To generate two chains:

./model --data=data.Rdump --iter=50000 --thin=1 --refresh=10000 \ --samples=s_1.csv --chain_id=1 ./model --data=data.Rdump --iter=50000 --thin=1 --refresh=10000 \ --samples=s_2.csv --chain_id=2

The chains can be imported easily as a table and transformed into an mcmc object with the following lines:

library(coda) s1 <- read.table("s_1.csv", sep=",", header=TRUE) s2 <- read.table("s_2.csv", sep=",", header=TRUE) s.mcmc <- mcmc.list(mcmc(s1[,-c(1:3)]), mcmc(s2[,-c(1:3)]))

The `-c(1:3)`

avoids loading Stan internal variables.

Finally, the `s.mcmc`

object can also be converted into a ggmcmc object:

library(ggmcmc) S <- ggs(s.mcmc)

## Is Stan fast?

My experience with Stan with respect to execution times is mixed, with some examples giving valid samples in short period of time and others taking much more than JAGS. I will do more extensive benchmarks and post the results here.

## By Forrest Stevens December 10, 2012 - 7:17 pm

I think you made a slight error with regards to the “cleaner” way to generate the mcmc.list object.

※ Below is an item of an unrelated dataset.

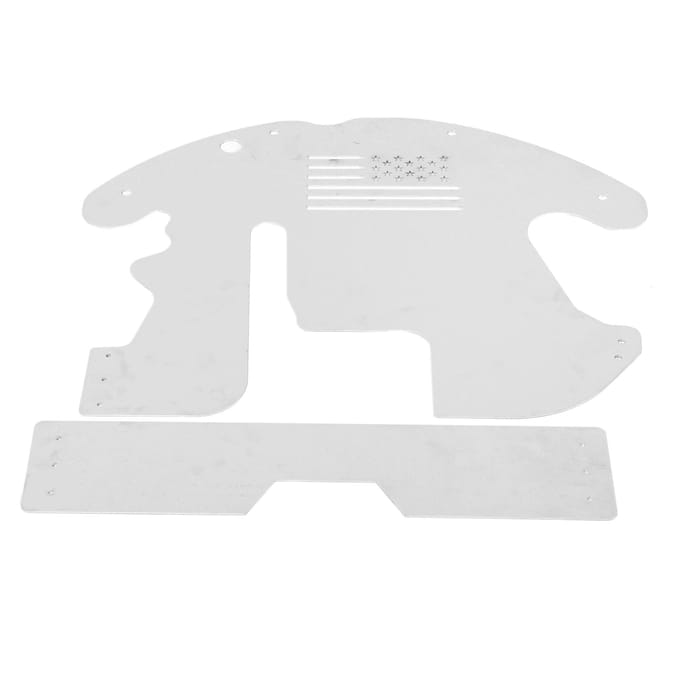 2 pièces Bouclier Anti-vol Catalyseur en Alliage d'Aluminium Protection Sécurité Remplacement pour Prius 20102015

The index to remove the log posterior should be negative:

# Or a cleaner way thanks to Sebastian Weber:

s <- do.call(mcmc.list, alply(s[,,-4], 2, mcmc))

But you might actually generalize this to a model of arbitrary complexity doing this:

s <- do.call(mcmc.list, alply(s[,,-(length(s[1,1,]))]], 2, mcmc))

Thanks *very* much for your examples though, it's been very helpful!

## By xavierfim December 13, 2012 - 9:25 pm

Absolutely Forrest. Many thanks. I did a mistake when translating the code from the editor into the blog.

Notice that ggmcmc-0.3,which is now ready, allows to directly import rstan output. I am preparing an entry to explain it.

Thanks for letting me know.

## By Nathaniel Decker September 10, 2013 - 9:42 pm

RStan has been updated such that the extract function now requires “permuted = FALSE” to work correctly with your example.